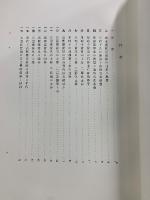 東方考古学叢刊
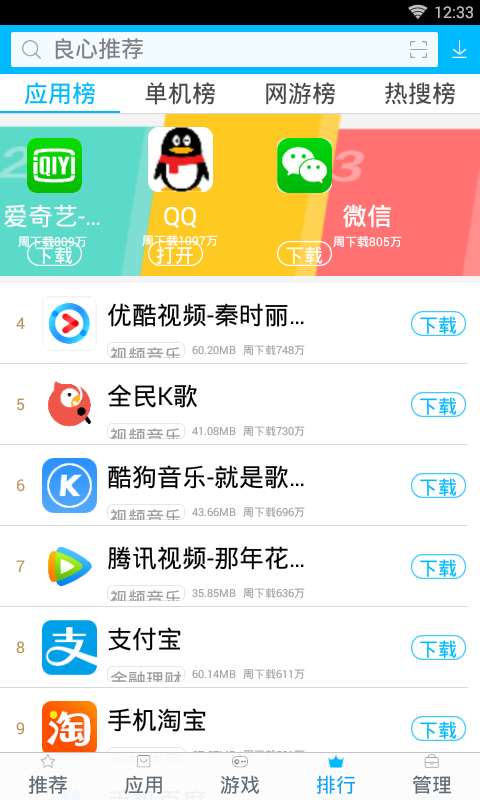 vivo应用商店软件截图1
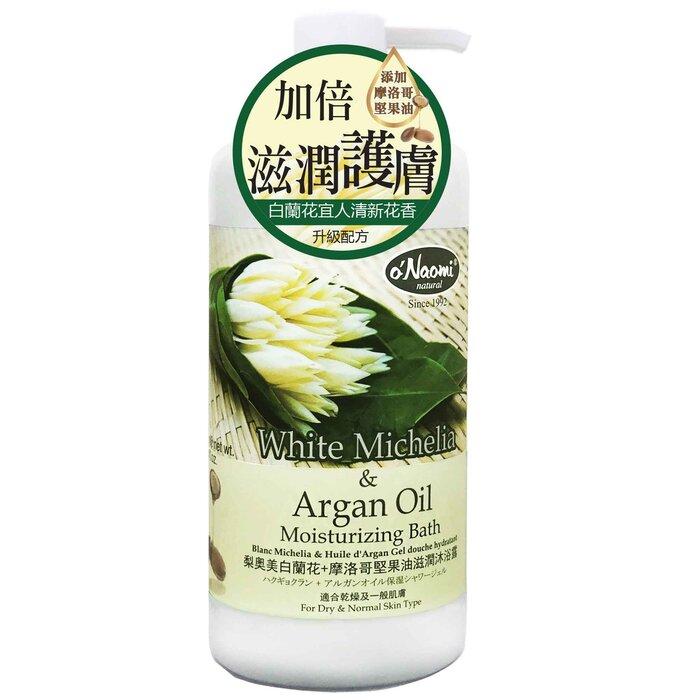 

O NAOMI White Michelia Michelia & Argan Oil Moisturizing Bath 800ml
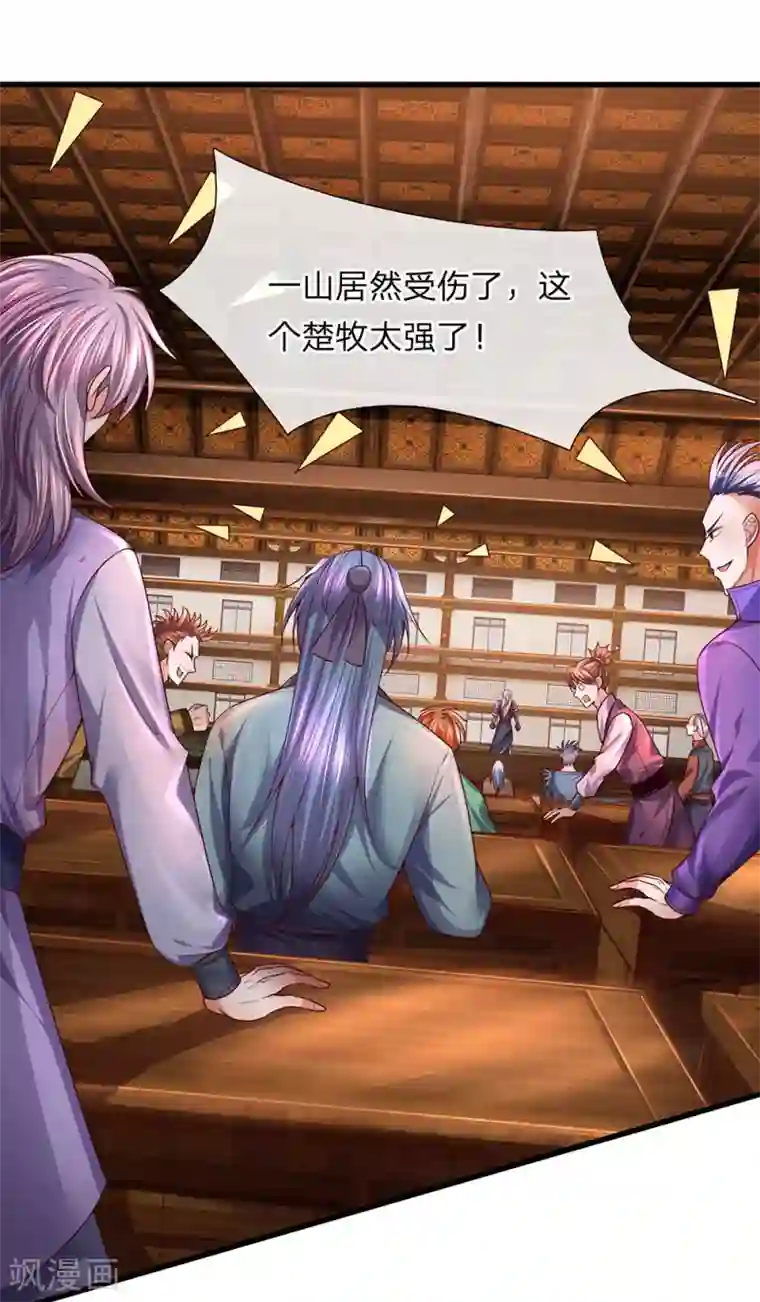 修罗剑尊第145话 第三器魂，誓死不出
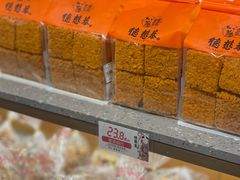 -德懋恭·水晶饼(交大店)
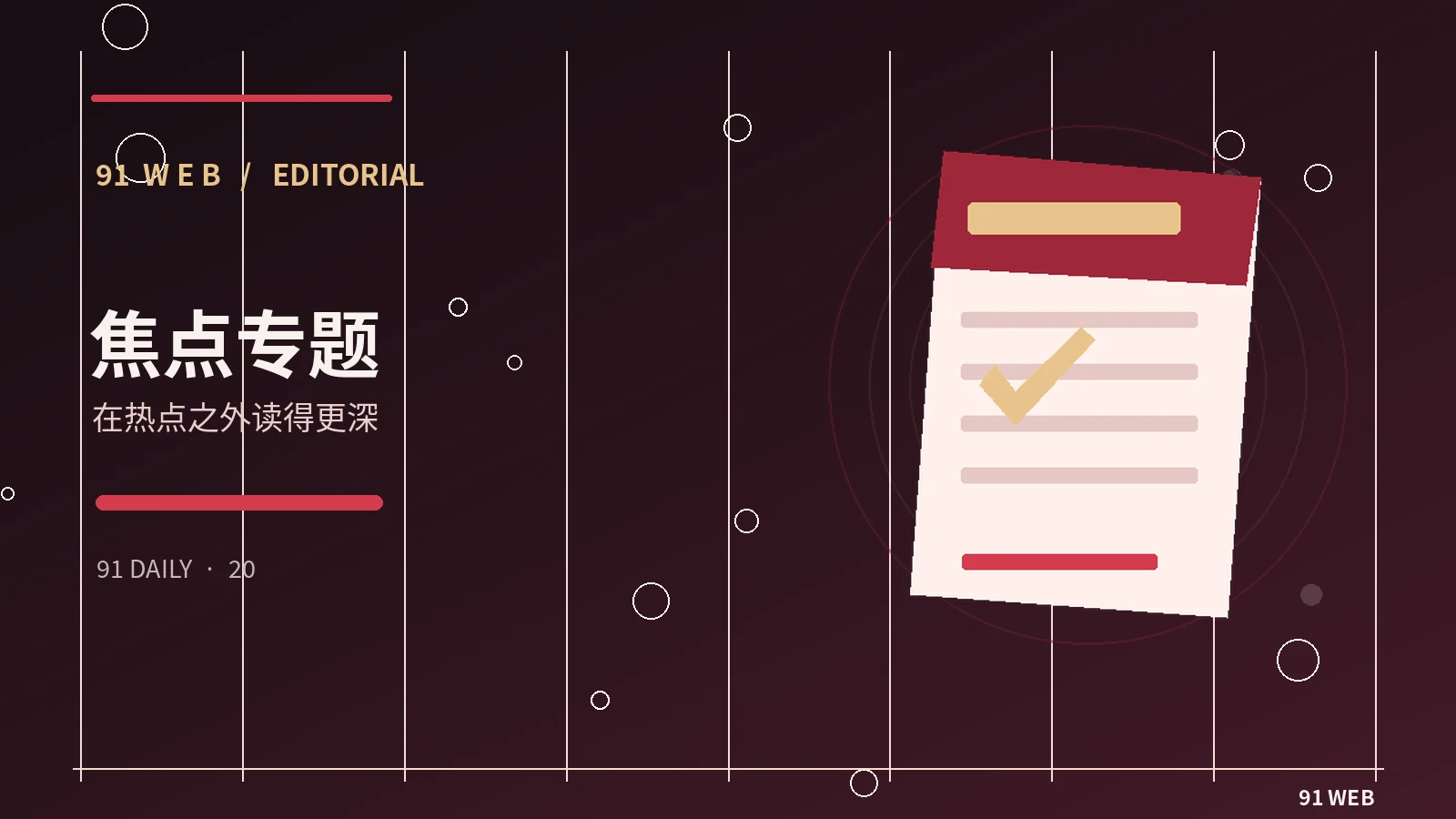 影视预告片中的节奏设计：观察笔记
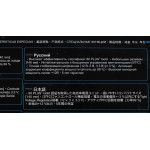 Блок питания Seasonic ATX 850W G12 GC-850 (ATX, 850Вт, GOLD)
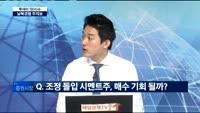 [투데이 잇(it)슈]  남북경협 주의보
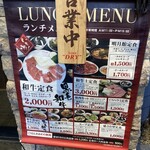 明月館 - 入り口外のランチメニュー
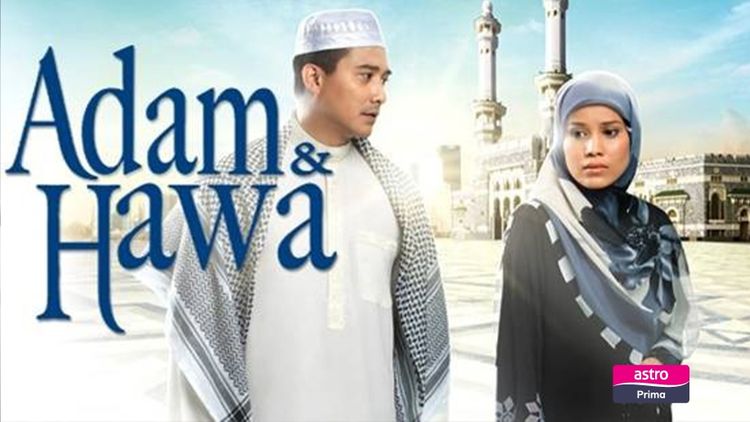 Adam & Hawa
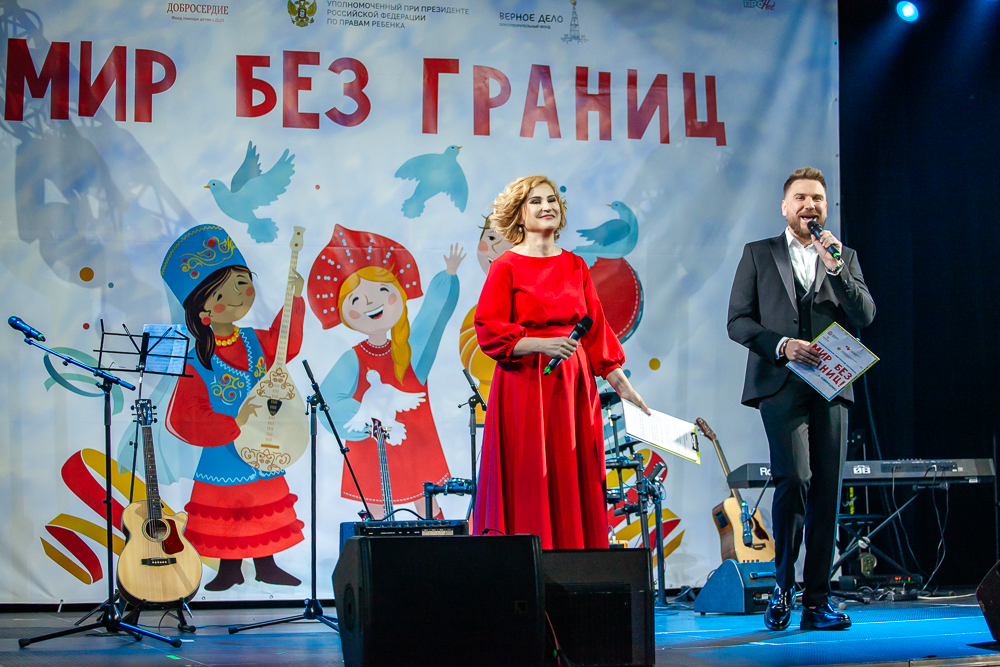 Фестиваль АРДИП «Мир без границ» в Одинцово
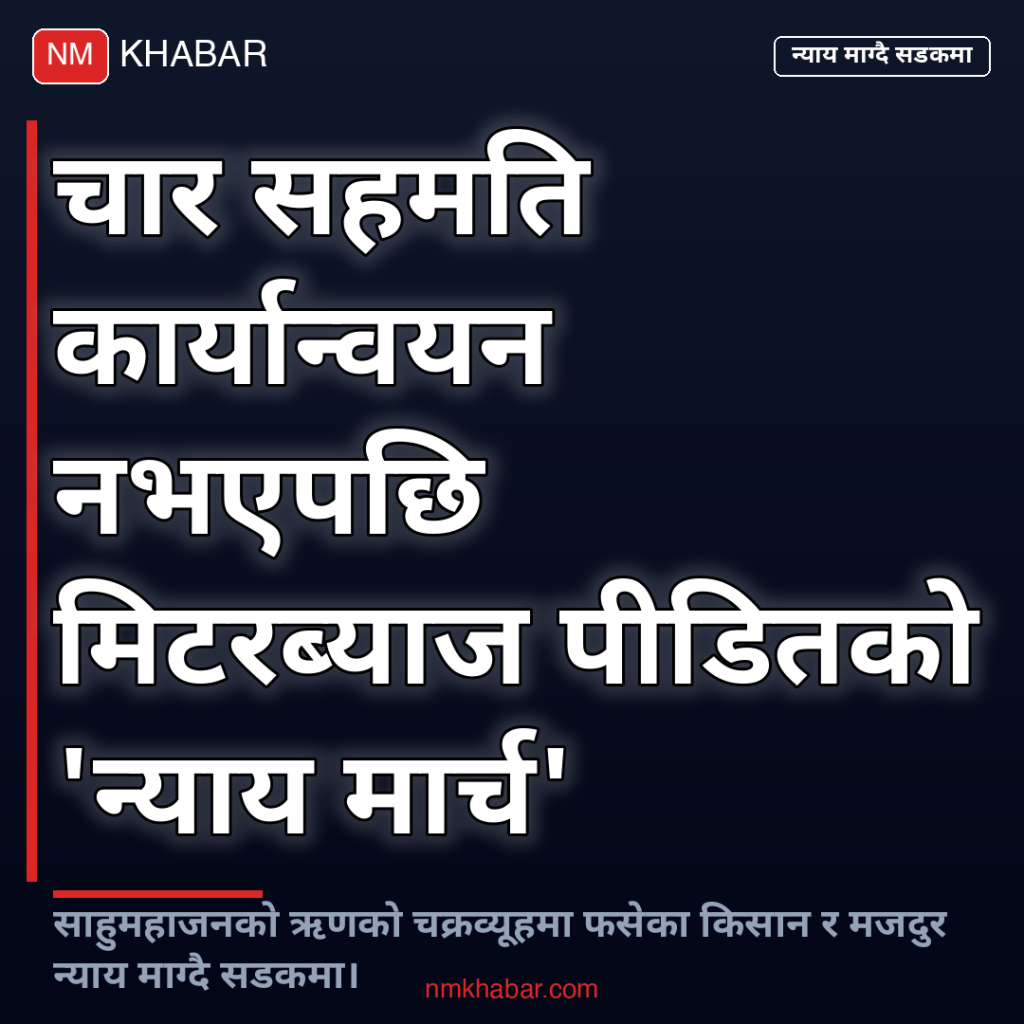 मिटरब्याज पीडित न्याय मार्च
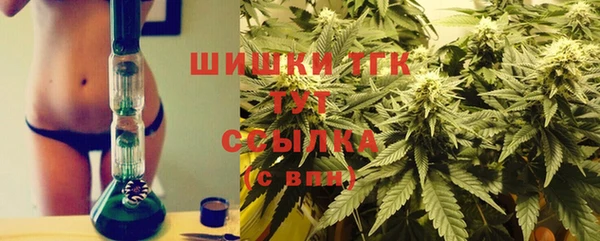 мяу мяу мука Балахна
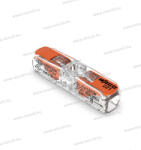 Wago 221-2411 egyenes kompakt vezetékösszekötő tömör 2x0, 2-4mm2, sodrott 2x0, 2-2, 5mm2 vezetékhez (221-2411)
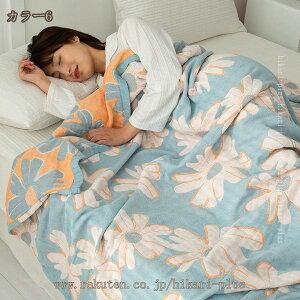 1000�~OFF�N�[�|�� �K�[�[�P�b�g �_�u�� �L���O�T�C�Y 5�d �^�I���P�b�g �L���g�P�b�g �K�[�[ �V���O���K�[�[ ���z�c ���|���z�c �ʋC�� �z�� ������ ���K �ې� ���� �I�[���V�[�Y�� �t�ėp 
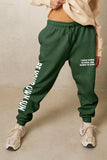 Simply Love Full Size BE YOUR OWN SUN Graphic Sweatpants - Trendsi - Flyclothing LLC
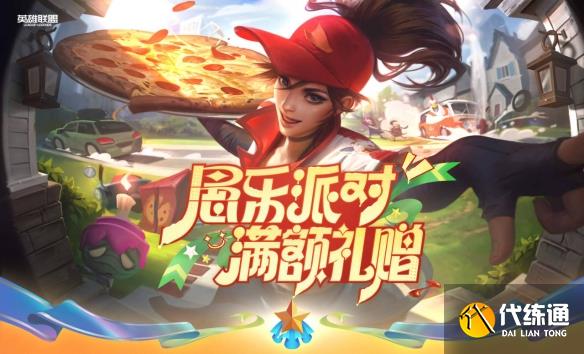 游侠网5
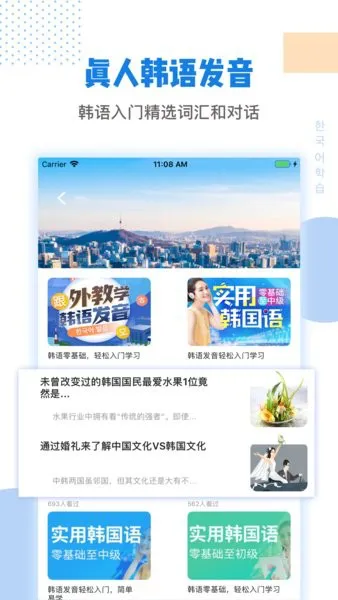 韩剧tv韩语翻译手机版 v1.4 安卓版 2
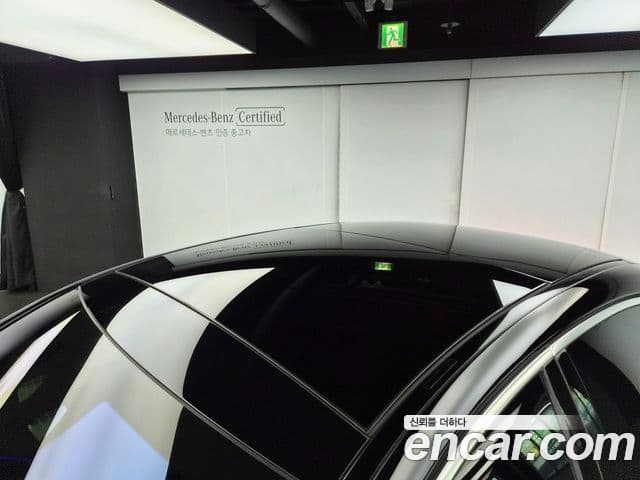 Mercedes-Benz S-Class 2025 — Фото 16/20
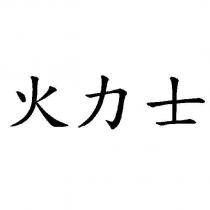 火力士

● ● ● ● ● ● ●

» Prompt
Leave out the pictures. Return exactly the lines from the first line of the records to the line bearing "Adam & Hawa", inclusive.

» Completed exercise
 東方考古学叢刊
 vivo应用商店软件截图1

O NAOMI White Michelia Michelia & Argan Oil Moisturizing Bath 800ml
 修罗剑尊第145话 第三器魂，誓死不出
 -德懋恭·水晶饼(交大店)
 影视预告片中的节奏设计：观察笔记
 Блок питания Seasonic ATX 850W G12 GC-850 (ATX, 850Вт, GOLD)
 [투데이 잇(it)슈]  남북경협 주의보
 明月館 - 入り口外のランチメニュー
 Adam & Hawa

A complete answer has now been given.